TASK ITEM » Please give the data again in full, exactly as it reads.

SOURCE DATA »
== Segment start ==
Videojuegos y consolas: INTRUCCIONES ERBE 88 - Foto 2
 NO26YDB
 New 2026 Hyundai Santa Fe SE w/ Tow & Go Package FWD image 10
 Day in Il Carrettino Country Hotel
== Segment end ==
EXPECTED OUTPUT »
Videojuegos y consolas: INTRUCCIONES ERBE 88 - Foto 2
 NO26YDB
 New 2026 Hyundai Santa Fe SE w/ Tow & Go Package FWD image 10
 Day in Il Carrettino Country Hotel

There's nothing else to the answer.